# Multinomial Logit: Solutions

**Tutorial Series**: Discrete Choice Econometrics with PanelBox

**Notebook**: 06 - Multinomial Logit (Solutions)

**Author**: PanelBox Contributors

**Date**: 2026-02-17

---

This notebook contains complete solutions for the exercises in `06_multinomial_logit.ipynb`.

In [None]:
# Setup (same as main notebook)
import warnings
from pathlib import Path

import numpy as np
import pandas as pd
import matplotlib.pyplot as plt
import seaborn as sns
from scipy.stats import norm, chi2

from panelbox.models.discrete.multinomial import MultinomialLogit

warnings.filterwarnings('ignore')
np.random.seed(42)
pd.set_option('display.max_columns', None)
pd.set_option('display.precision', 4)

plt.style.use('seaborn-v0_8-darkgrid')
plt.rcParams['figure.figsize'] = (12, 6)
plt.rcParams['font.size'] = 11

DATA_DIR = Path("..") / "data"
OUTPUT_DIR = Path("..") / "outputs"
FIG_DIR = OUTPUT_DIR / "figures"
TABLE_DIR = OUTPUT_DIR / "tables"
FIG_DIR.mkdir(parents=True, exist_ok=True)
TABLE_DIR.mkdir(parents=True, exist_ok=True)

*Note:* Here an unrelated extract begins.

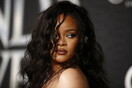 Η Rihanna δήλωσε για το νέο της άλμπουμ «Θα είναι καταπληκτικό»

CAREER_LABELS = {0: 'Manual', 1: 'Technical', 2: 'Managerial'}
CAREER_COLORS = {'Manual': '#e74c3c', 'Technical': '#3498db', 'Managerial': '#2ecc71'}

# Load data
data = pd.read_csv(DATA_DIR / "career_choice.csv")
full_vars = ['educ', 'exper', 'age', 'female', 'urban']
X_full = data[full_vars].values
y = data['career'].values

# Estimate full model (needed for all exercises)
model_full = MultinomialLogit(
    endog=y, exog=X_full, n_alternatives=3, base_alternative=0
)
model_full.exog_names = full_vars
results_full = model_full.fit()

print("Setup complete. Full model estimated.")
print(f"Log-L: {results_full.llf:.2f}, Accuracy: {results_full.accuracy:.1%}")

---

## Exercise 1: Reference Category Invariance (Easy)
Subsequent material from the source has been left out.